**Task to carry out:**
Omit all images, then repeat exactly the lines below from the one containing "Alberta, Canada Framed" through the one containing "Учёт и оценка молочной продуктивности коров", both ends included.

**Data under study:**
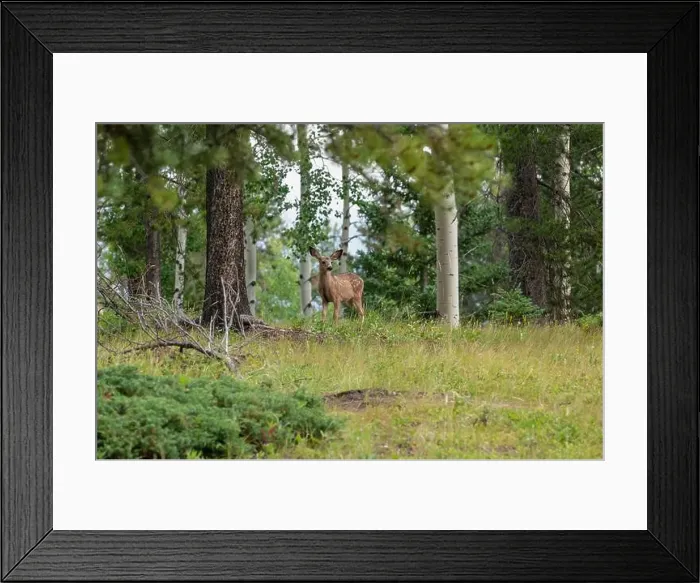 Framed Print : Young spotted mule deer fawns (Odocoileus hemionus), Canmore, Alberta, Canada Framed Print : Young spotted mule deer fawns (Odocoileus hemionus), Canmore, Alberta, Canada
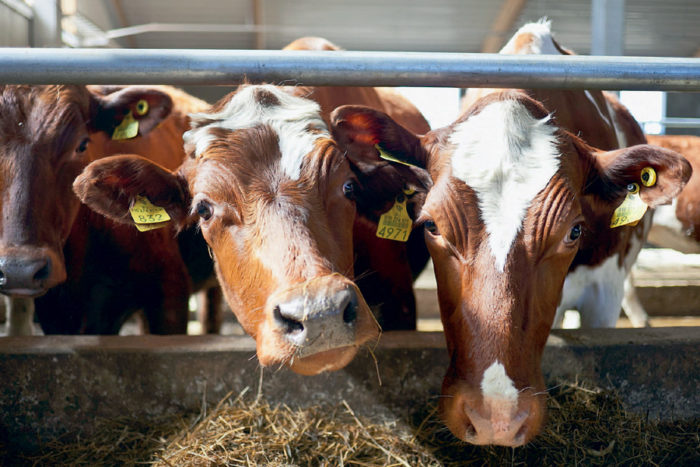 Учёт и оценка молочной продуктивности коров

* * *

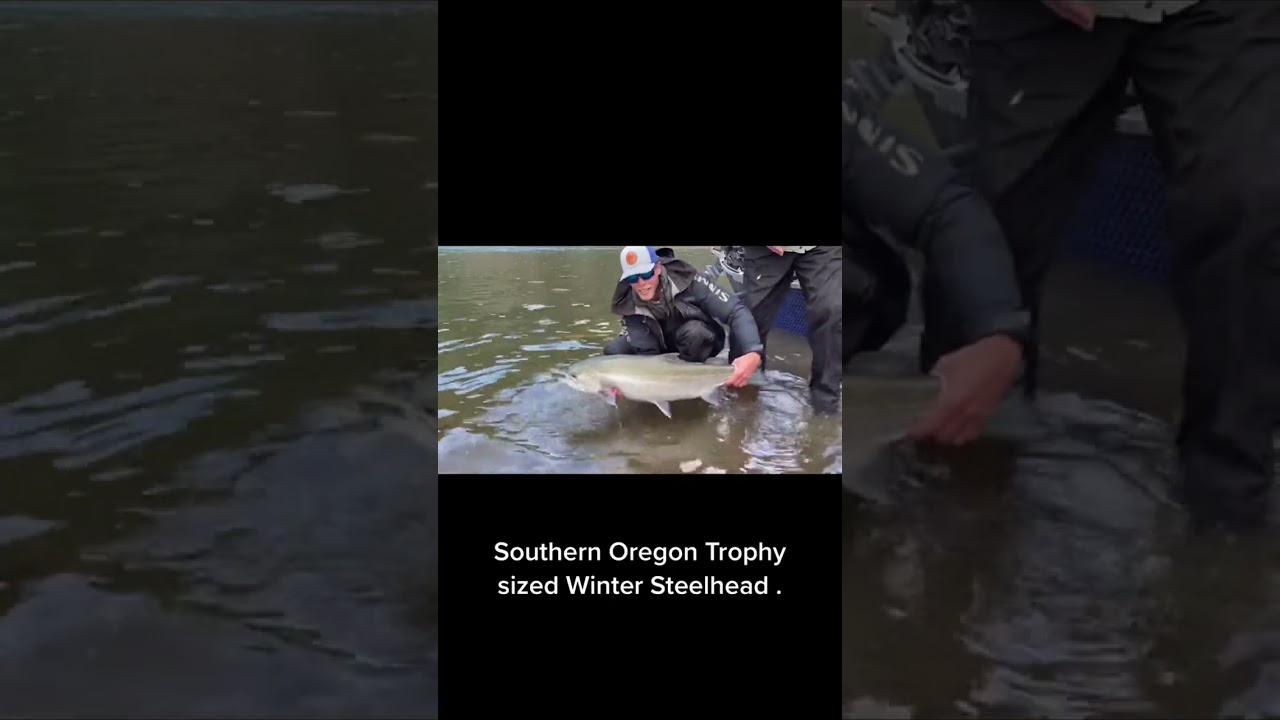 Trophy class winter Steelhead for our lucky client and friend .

---

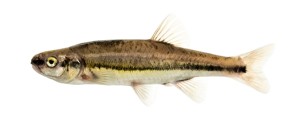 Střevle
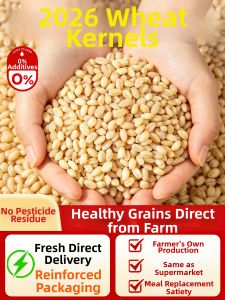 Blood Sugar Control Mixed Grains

**Solution for this task:**
 Framed Print : Young spotted mule deer fawns (Odocoileus hemionus), Canmore, Alberta, Canada Framed Print : Young spotted mule deer fawns (Odocoileus hemionus), Canmore, Alberta, Canada
 Учёт и оценка молочной продуктивности коров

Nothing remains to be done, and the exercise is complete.